I literally felt the air sucked out of my lungs. I could not believe it. Someone next to me said, "Oh no, that's terrible." I actually felt sick. You see, my dislike for "Crash' knew no bounds. It was a film that had everything that I hated about bad cinema - it was cliched, the plot was preposterous, it pandered to every known stereotype and it was such a safe, safe film. I was crushed. And surprised at how much so.

A film that was a ready classic and that had achieved iconic status that year (and against all the odds, by the way), but which many did fear would be too 'controversial for the Academy, had been beaten by a lesser, unimportant, forgettable and shrill diatribe. Suddenly, my love-hate-love opinion of them, my ability to forgive the Academy Awards for its many foibles and drawbacks, suddenly it all became untenable - now, I had become solidly hate-hate.

And it was like everything I had always known about the Oscars but which had always been somehow fuzzy came into very sharp and very intense focus. Like a camera lens that focuses something quite unnervingly into all its ugliness.

My contempt for the Oscars has only grown. I've not watched a live show since 2006. No big deal to most, I know - but that's one less annual milestone in a year to which I can look forward. The difference is there, silly as it may seem. I see them ever more for what they are - a huge, frankly vulgar popularity contest very seldom based on the very best merit, and in which humongous PR (read: truckloads of money) and staged 'events' during the so-called 'awards season' determine the nominees, the winners, who will cry on stage, who will be snubbed, etc. It really is pathetic.

I laughed with derision at Martin Scorsese finally winning Best Film for "The Departed" in 2007, without a doubt one of his most unimportant and instantly forgettable films. But he was so overdue, you see (that's Oscar-speak, as you might know). So, typical Oscar, they just went ahead and gave it to him. I laughed with even more derision when "No Country for Old Men" by the Coen brothers won Best Picture the following year. They're so cool, you see. I defy anyone to tell me where the hell the plot was in that piece of overrated rubbish, because it did a damn good job of hiding itself from me. And I usually like the Coen brothers, not to mention Scorsese. But that's Oscar for you. Truly deserving very seldom comes to the party.

Of course, there will always be just winners. True excellence does sometimes still float to the top, even in the midst of such a morass of big bucks and arch-cynicism masquerading as 'serious'. Thank goodness for that. Categories like Best Documentary Feature and, oddly, Best Costume Design often get it spot-on. And I do hope Jeff Bridges finally wins his Oscar - yes, he has been so deserving after all these years, but at least he'll get it for a damn fine performance! And I would love to see South Africa's very own "District 9" win something - what an unexpected, outstanding surprise that was for me in my movie-going in 2009.

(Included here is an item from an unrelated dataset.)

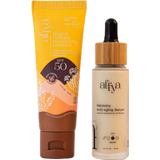 affya Protection & Repair Set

I would even love to hear that Kathryn Bigelow's film "The Hurt Locker" has won Best Picture and beaten out her ex-husband, James Cameron, and his film "Avatar". Not because I've even seen her film or will love it (who knows if I will) but only because he's such a pompous prick and because his film has visual effects that I just absolutely know will look hopelessly outdated by 2012. Snicker.

I will possibly see the recorded version of the awards the day after. It does make for passable viewing on a Monday night in between making dinner and clipping my toenails. And I will enjoy seeing some of the stars and even be happy for some of the winners. But gone is that feeling of watching an awards show that, warts and all, somehow had a magic about it. Gone, gone, gone.

Goodbye, Oscar. It was really good knowing you - when it once mattered.